§ **EXERCISE INPUTS**:
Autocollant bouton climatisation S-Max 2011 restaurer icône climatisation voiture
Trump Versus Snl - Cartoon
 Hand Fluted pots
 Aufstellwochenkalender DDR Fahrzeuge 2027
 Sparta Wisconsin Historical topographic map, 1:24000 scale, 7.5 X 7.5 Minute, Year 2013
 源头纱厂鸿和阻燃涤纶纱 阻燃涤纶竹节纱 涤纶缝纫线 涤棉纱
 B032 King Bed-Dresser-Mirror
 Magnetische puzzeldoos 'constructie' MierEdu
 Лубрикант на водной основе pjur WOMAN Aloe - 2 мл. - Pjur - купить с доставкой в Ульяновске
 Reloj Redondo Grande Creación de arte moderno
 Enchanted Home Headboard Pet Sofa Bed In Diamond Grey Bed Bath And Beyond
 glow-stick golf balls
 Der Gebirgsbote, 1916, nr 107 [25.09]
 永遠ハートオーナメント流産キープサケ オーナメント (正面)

§ **PROBLEM**: From the first line of the listing above to the line that contains "Reloj Redondo Grande", inclusive, restate every line word for word. Nothing else belongs in the answer.

§ **SOLUTION TO THIS TASK**:
Autocollant bouton climatisation S-Max 2011 restaurer icône climatisation voiture
Trump Versus Snl - Cartoon
 Hand Fluted pots
 Aufstellwochenkalender DDR Fahrzeuge 2027
 Sparta Wisconsin Historical topographic map, 1:24000 scale, 7.5 X 7.5 Minute, Year 2013
 源头纱厂鸿和阻燃涤纶纱 阻燃涤纶竹节纱 涤纶缝纫线 涤棉纱
 B032 King Bed-Dresser-Mirror
 Magnetische puzzeldoos 'constructie' MierEdu
 Лубрикант на водной основе pjur WOMAN Aloe - 2 мл. - Pjur - купить с доставкой в Ульяновске
 Reloj Redondo Grande Creación de arte moderno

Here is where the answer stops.